> [WORK TASK]:
The needed output is the run of lines below from the one containing "image RUMAH MEWAH" through the one containing "BANDEJA COM 6 PORTA COPOS FLORES", copied exactly and free of pictures.

> [AVAILABLE RECORDS]:
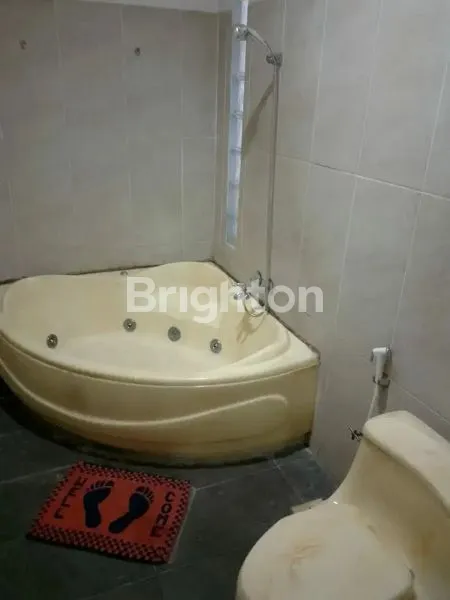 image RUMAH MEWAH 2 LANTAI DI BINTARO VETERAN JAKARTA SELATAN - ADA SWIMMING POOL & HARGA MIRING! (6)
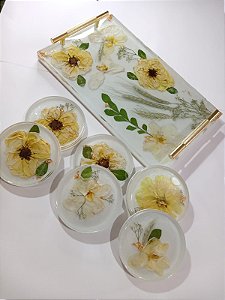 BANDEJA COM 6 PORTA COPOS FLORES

---

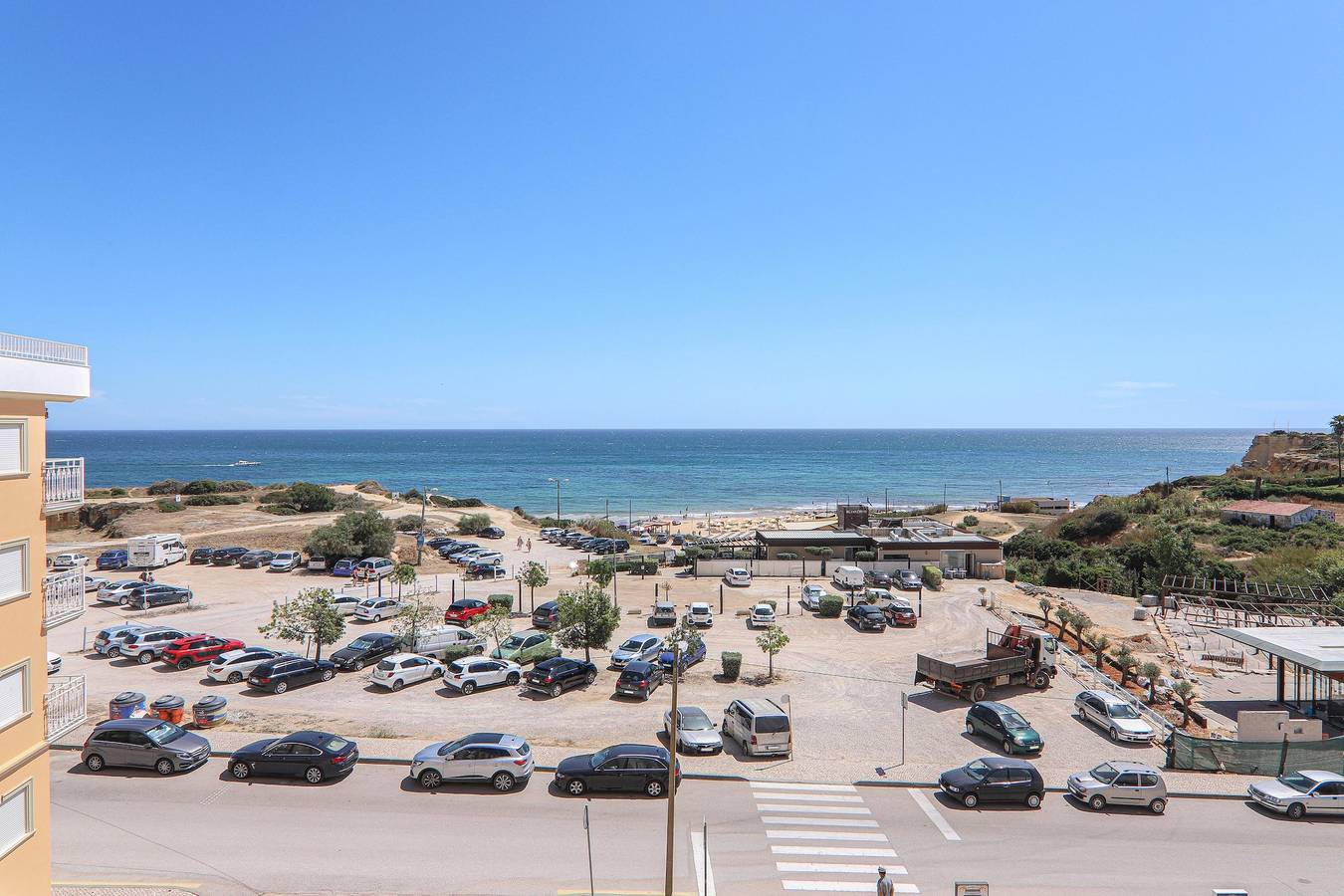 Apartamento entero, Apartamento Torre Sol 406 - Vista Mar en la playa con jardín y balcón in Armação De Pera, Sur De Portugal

--

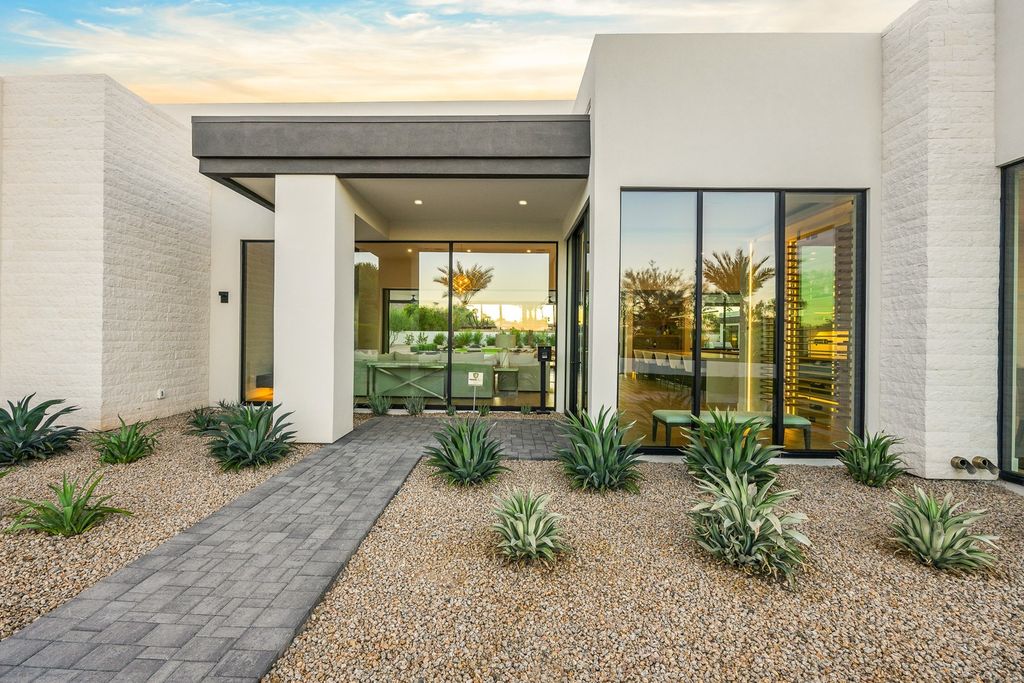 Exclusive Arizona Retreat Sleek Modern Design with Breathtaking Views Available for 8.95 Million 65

> [SOLVED PROBLEM]:
 image RUMAH MEWAH 2 LANTAI DI BINTARO VETERAN JAKARTA SELATAN - ADA SWIMMING POOL & HARGA MIRING! (6)
 BANDEJA COM 6 PORTA COPOS FLORES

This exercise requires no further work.